◆ **Task data**:
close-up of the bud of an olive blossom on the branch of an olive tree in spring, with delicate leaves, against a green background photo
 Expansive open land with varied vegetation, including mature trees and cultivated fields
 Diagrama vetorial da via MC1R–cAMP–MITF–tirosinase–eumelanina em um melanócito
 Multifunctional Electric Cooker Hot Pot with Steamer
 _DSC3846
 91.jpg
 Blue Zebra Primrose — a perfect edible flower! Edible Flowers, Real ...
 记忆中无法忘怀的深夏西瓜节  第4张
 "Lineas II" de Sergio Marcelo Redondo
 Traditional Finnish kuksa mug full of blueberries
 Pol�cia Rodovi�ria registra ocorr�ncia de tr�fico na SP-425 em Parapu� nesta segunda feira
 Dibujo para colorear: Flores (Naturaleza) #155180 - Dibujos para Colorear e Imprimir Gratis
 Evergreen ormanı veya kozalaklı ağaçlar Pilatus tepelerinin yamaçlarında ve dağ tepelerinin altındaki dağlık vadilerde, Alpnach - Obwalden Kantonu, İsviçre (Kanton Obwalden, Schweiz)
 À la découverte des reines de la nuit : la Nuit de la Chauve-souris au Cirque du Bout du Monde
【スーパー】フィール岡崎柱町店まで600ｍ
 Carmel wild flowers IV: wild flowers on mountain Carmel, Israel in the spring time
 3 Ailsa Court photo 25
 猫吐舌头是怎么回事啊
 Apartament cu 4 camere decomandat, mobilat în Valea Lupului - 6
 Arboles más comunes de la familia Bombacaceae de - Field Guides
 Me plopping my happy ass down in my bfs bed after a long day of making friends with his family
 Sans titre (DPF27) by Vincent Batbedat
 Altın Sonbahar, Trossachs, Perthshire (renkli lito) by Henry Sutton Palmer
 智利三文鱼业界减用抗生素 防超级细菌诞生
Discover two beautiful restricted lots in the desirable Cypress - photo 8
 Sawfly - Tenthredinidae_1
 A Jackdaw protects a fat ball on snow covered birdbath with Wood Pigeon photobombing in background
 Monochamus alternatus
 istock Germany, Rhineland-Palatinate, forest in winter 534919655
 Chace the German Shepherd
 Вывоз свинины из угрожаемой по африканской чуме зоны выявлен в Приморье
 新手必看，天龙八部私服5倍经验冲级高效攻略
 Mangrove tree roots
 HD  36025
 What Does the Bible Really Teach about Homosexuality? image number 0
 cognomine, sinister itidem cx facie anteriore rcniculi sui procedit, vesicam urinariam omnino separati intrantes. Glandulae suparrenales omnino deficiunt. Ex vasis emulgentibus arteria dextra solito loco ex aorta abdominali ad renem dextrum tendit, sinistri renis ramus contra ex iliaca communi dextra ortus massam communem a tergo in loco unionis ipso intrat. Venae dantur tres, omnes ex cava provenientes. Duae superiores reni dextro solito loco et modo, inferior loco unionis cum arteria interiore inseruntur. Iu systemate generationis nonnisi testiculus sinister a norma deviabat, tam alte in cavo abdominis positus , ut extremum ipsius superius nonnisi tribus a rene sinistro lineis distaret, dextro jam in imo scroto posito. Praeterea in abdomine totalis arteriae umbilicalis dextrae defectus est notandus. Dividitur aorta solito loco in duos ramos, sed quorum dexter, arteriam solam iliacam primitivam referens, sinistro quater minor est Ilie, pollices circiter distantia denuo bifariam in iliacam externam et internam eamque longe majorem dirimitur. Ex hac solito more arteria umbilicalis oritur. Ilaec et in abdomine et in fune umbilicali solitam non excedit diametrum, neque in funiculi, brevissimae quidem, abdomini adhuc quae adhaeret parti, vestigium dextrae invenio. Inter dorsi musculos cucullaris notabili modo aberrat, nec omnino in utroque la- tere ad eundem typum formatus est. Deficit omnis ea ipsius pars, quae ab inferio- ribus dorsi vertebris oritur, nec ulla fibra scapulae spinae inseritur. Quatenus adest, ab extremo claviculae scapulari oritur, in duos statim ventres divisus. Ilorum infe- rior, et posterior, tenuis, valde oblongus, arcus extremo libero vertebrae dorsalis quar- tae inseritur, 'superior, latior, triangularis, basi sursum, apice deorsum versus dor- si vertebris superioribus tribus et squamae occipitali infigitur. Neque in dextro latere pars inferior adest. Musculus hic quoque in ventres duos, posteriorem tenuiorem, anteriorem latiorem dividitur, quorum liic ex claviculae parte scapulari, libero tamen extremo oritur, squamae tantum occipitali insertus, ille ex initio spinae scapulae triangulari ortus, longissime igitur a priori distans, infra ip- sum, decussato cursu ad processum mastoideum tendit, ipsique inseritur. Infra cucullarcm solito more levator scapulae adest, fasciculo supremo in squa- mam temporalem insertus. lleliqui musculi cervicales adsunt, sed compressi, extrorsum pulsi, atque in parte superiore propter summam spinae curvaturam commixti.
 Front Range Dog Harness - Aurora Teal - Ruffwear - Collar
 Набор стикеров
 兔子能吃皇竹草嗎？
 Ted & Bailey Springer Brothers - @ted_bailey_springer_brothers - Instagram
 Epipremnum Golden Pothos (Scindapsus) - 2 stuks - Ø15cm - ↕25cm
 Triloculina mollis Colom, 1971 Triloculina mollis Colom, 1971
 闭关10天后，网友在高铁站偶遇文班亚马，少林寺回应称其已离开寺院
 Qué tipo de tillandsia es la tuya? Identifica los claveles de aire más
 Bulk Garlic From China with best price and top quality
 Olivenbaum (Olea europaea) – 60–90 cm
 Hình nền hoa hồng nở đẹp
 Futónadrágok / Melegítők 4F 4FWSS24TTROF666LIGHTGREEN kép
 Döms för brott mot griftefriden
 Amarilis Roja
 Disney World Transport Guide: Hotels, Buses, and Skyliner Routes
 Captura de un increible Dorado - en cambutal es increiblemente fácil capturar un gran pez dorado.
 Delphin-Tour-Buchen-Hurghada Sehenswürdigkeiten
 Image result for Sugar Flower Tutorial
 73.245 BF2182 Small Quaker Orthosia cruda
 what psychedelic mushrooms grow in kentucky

◆ **Work to be completed**: Among the lines above, find the ones containing "with" and copy them.

◆ **Answer to this problem**:
close-up of the bud of an olive blossom on the branch of an olive tree in spring, with delicate leaves, against a green background photo
 Expansive open land with varied vegetation, including mature trees and cultivated fields
 Multifunctional Electric Cooker Hot Pot with Steamer
 Me plopping my happy ass down in my bfs bed after a long day of making friends with his family
 A Jackdaw protects a fat ball on snow covered birdbath with Wood Pigeon photobombing in background
 Bulk Garlic From China with best price and top quality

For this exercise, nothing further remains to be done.